Aim of the task: Write out all of the entries that follow, word for word, but skip the pictures.
Source data below:
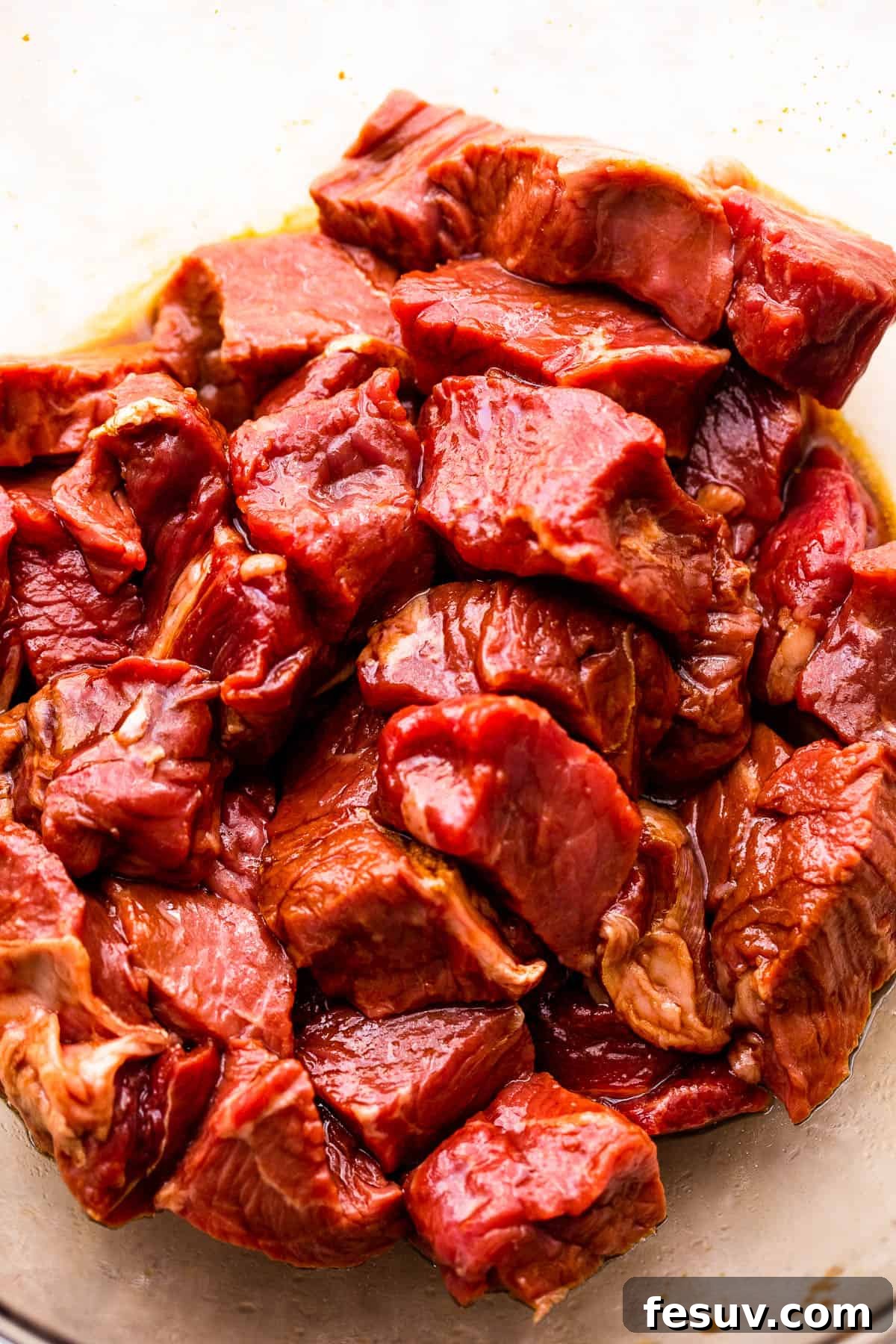 Raw sirloin steak bites marinating in a glass bowl with a dark, savory sauce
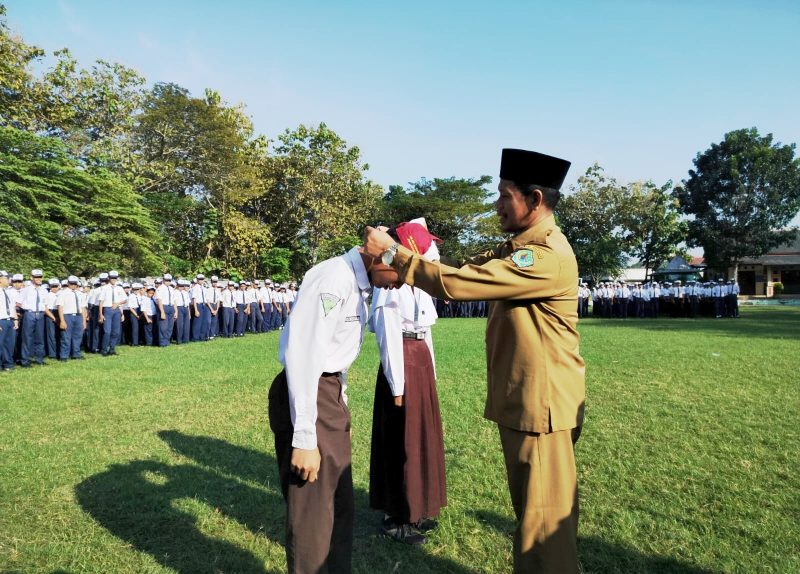 RESMI: Kepala SMPN 1 Pamekasan, Jamil menyematkan kalung tanda pengenal murid baru. (LAILIYATUN NURIYAH/KLIK MADURA).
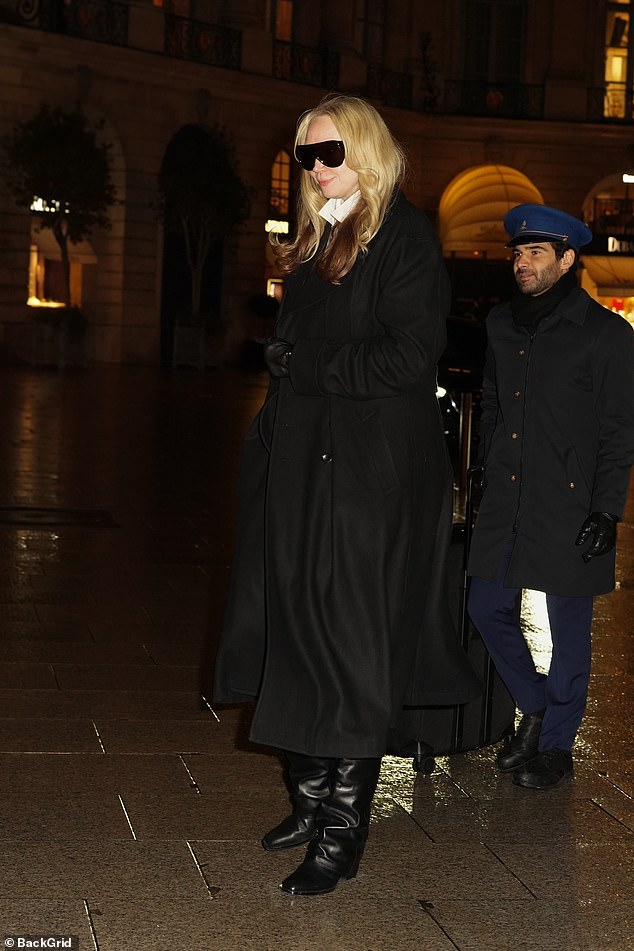 The Game of Thrones star wrapped up warm in a stylish wool coat and added inches to her tall frame with a pair of knee-high black boots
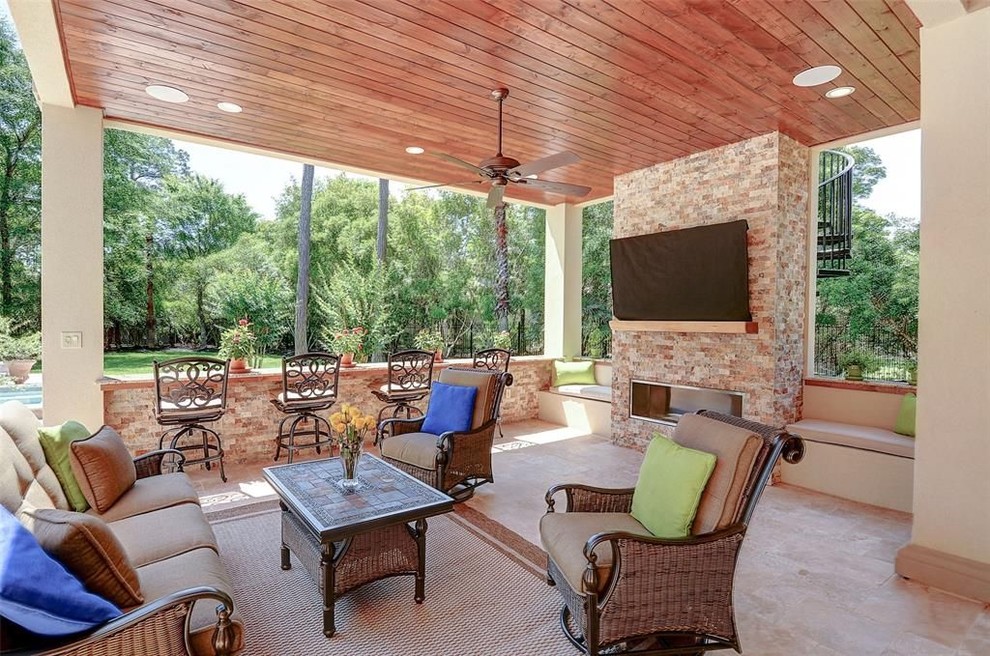 Large contemporary back patio in Houston with an outdoor kitchen, natural stone paving and a roof extension.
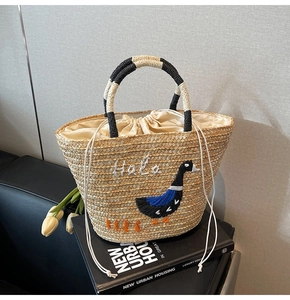 Detailed close-up of handmade straw tote with goose embroidery and Hola text detail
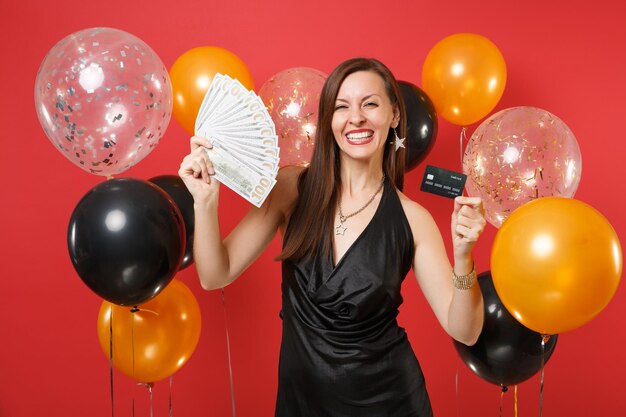 Lächelnde junge Frau im schwarzen Kleid, die Kreditkarte feiert, bündelt viele Dollar Bargeld auf roten Hintergrundluftballons. Valentinstag Happy New Year Geburtstag Mockup Urlaub Party Konzept.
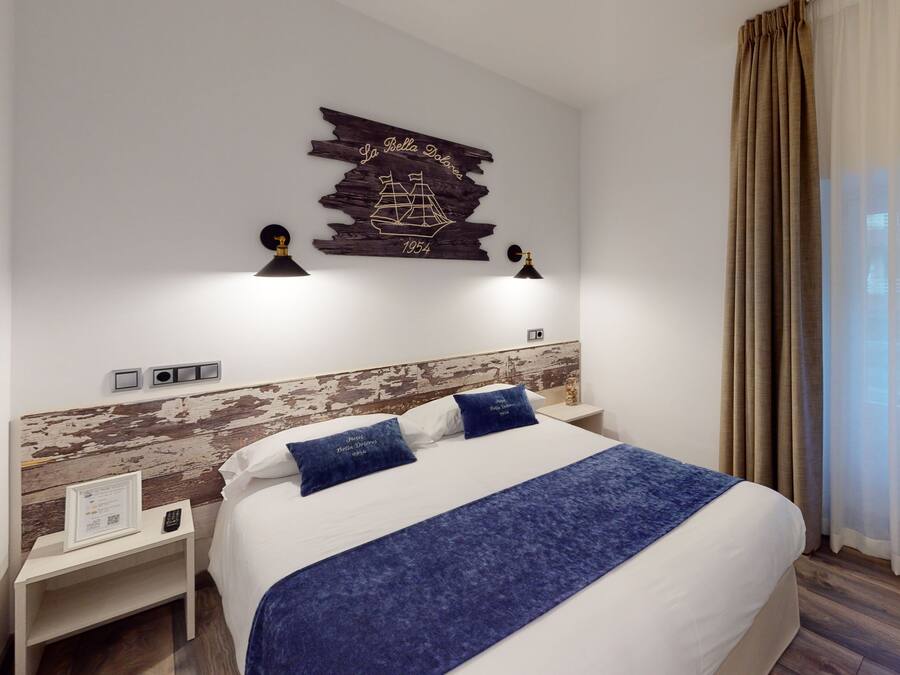 A hotel room with a large bed, a headboard with a distressed wood design, a wall-mounted ship decoration, two bedside lamps, a nightstand with a remote control, and a wicker chair.
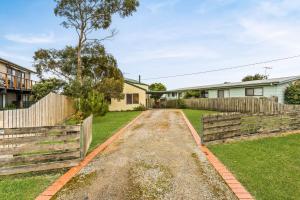 a home with a fence and a dirt road at Views on Bayview in Cowes
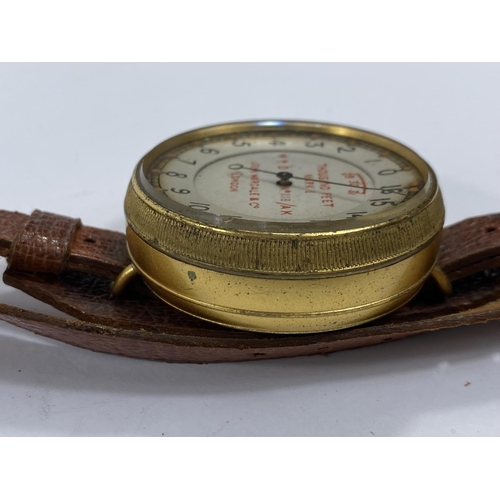 170 - A WWI Royal Flying Corps wrist worn brass cased Altimeter by John Wardale & Co, London, on brown...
End of Source data.
Problem solution:
 Raw sirloin steak bites marinating in a glass bowl with a dark, savory sauce
 RESMI: Kepala SMPN 1 Pamekasan, Jamil menyematkan kalung tanda pengenal murid baru. (LAILIYATUN NURIYAH/KLIK MADURA).
 The Game of Thrones star wrapped up warm in a stylish wool coat and added inches to her tall frame with a pair of knee-high black boots
 Large contemporary back patio in Houston with an outdoor kitchen, natural stone paving and a roof extension.
 Detailed close-up of handmade straw tote with goose embroidery and Hola text detail
 Lächelnde junge Frau im schwarzen Kleid, die Kreditkarte feiert, bündelt viele Dollar Bargeld auf roten Hintergrundluftballons. Valentinstag Happy New Year Geburtstag Mockup Urlaub Party Konzept.
 A hotel room with a large bed, a headboard with a distressed wood design, a wall-mounted ship decoration, two bedside lamps, a nightstand with a remote control, and a wicker chair.
 a home with a fence and a dirt road at Views on Bayview in Cowes
 170 - A WWI Royal Flying Corps wrist worn brass cased Altimeter by John Wardale & Co, London, on brown...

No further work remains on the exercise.